- Aim of the task -
A partial copy is required: transcribe exactly the lines from the one containing "First of all, we're" through the last line below, without any pictures.

- The data -
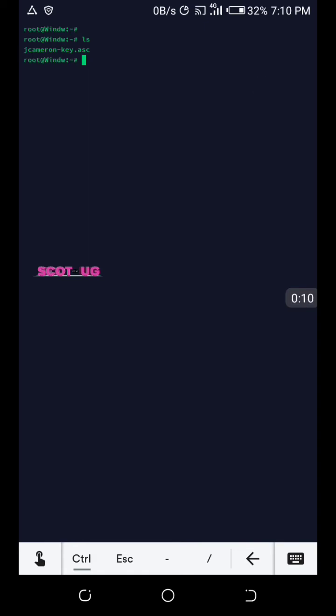We are only going to use commands, and the commands are put in the description of this video. What you need to do is to watch step by step — stay tuned, let's continue with our tutorial.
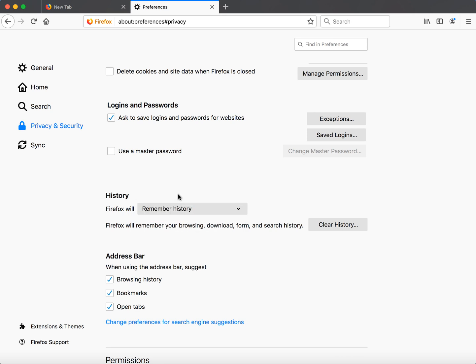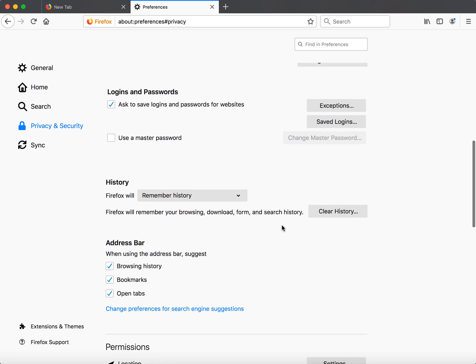That's it. That's how you enable cookies because Firefox will remember your browsing, download, form, and search history. Among that, it will include all the cookies data which is required by some websites.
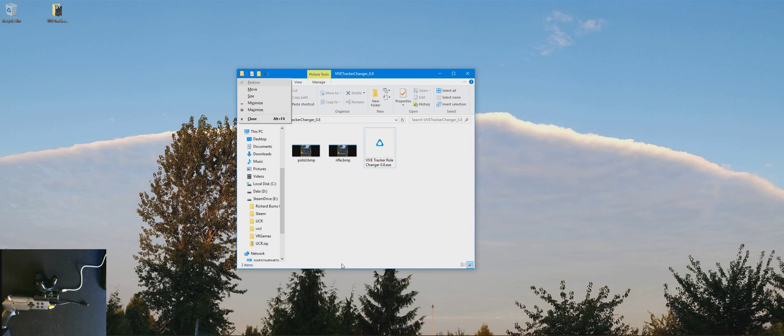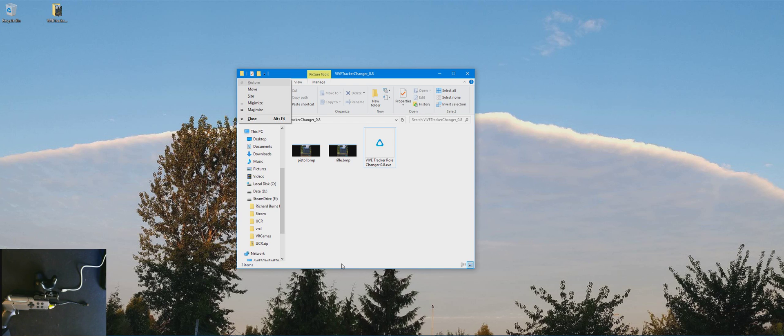First of all, we're going to start off by changing the role of the Vive Tracker to a controller. This is the best way I've found to get the PP Guns to work in every game. I have not found a game that it doesn't work with yet when I make the trackers report themselves as a controller to SteamVR.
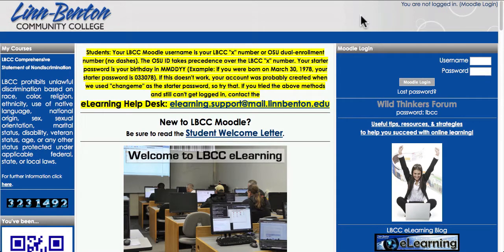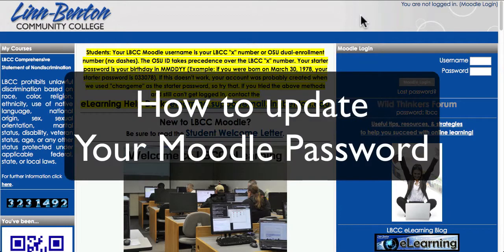Hi there. This is Paul Tannehill, eLearning Systems Administrator at Lynn Benton Community College. I'm going to share in this screencast how to update your Moodle account password.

- Result -
First of all, we're going to start off by changing the role of the Vive Tracker to a controller. This is the best way I've found to get the PP Guns to work in every game. I have not found a game that it doesn't work with yet when I make the trackers report themselves as a controller to SteamVR.
Hi there. This is Paul Tannehill, eLearning Systems Administrator at Lynn Benton Community College. I'm going to share in this screencast how to update your Moodle account password.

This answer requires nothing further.